You guys have given me so much help on the boot assortment for my wide feet. My Burton Ruler Wides should be here tomorrow in an 8 and 8.5 to test. However, I have a friend that has a few pair of DC Scout and DC Torstein boots. I could get either model for extremely cheap. Do you have any experience with these boots to know if they would serve as a fair "Back Up" or " Half-Day East Coast" boot for me? Thank you WiredSport for all of the input. You have saved many feet My friend!


----------



## dave785 (Jan 21, 2016)

Newrevnorton said:


> You guys have given me so much help on the boot assortment for my wide feet. My Burton Ruler Wides should be here tomorrow in an 8 and 8.5 to test. However, I have a friend that has a few pair of DC Scout and DC Torstein boots. I could get either model for extremely cheap. Do you have any experience with these boots to know if they would serve as a fair "Back Up" or " Half-Day East Coast" boot for me? Thank you WiredSport for all of the input. You have saved many feet My friend!

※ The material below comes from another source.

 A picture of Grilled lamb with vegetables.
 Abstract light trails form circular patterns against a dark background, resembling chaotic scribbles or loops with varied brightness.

wearing boots that were too narrow is how i developed a stress fracture in my right foot. The inside part of my foot was hanging out over the sole, and then hitting the sole at a weird angle... The doctor bills for that were more than the cost of new boots. It still bugs me every once in a while and i still have to wear orthotics in my work shoes.


----------



## Wiredsport (Sep 16, 2009)

Newrevnorton said:


> You guys have given me so much help on the boot assortment for my wide feet. My Burton Ruler Wides should be here tomorrow in an 8 and 8.5 to test. However, I have a friend that has a few pair of DC Scout and DC Torstein boots. I could get either model for extremely cheap. Do you have any experience with these boots to know if they would serve as a fair "Back Up" or " Half-Day East Coast" boot for me? Thank you WiredSport for all of the input. You have saved many feet My friend!


Hi,

I would not suggest that for your EE feet. Our goal is to address both your foot length and width.


----------



## Newrevnorton (Dec 30, 2015)

Well my Burton Ruler Wide in a size 8 arrived today. I immediately tried them on and had a very odd fit around the heel. It almost felt as if the molding in the liner to hold your heel in place was too low on my ankle, making the boot feel too small. I wasnt getting any heel lift and it could have simply been that I was used to boots that were too large fitting with this support higher in my ankle. I either adapted to it or the heat molding took care of the issue. I did a "Poor Mans" heat mold and they fit nicely. I have plenty of width in the toe box with a slight amount of pressure on my big toe while standing up. This pressure becomes almost nonexistent when I bend my knees. The pressure was fairly uncomfortable at first but I got used to it quickly and didnt notice any discomfort from it after heat molding. The fit and design of the boot itself will take a bit of getting used to. In comparison to my other boots, it feels like the inner ball of each foot is elevated slightly higher, making my feet feel like they are very slightly twisted. It may have something to do with a difference in the arch support but Im sure it could be resolved with a replacement insole if it continues to be a problem. Any suggestions or experience with this?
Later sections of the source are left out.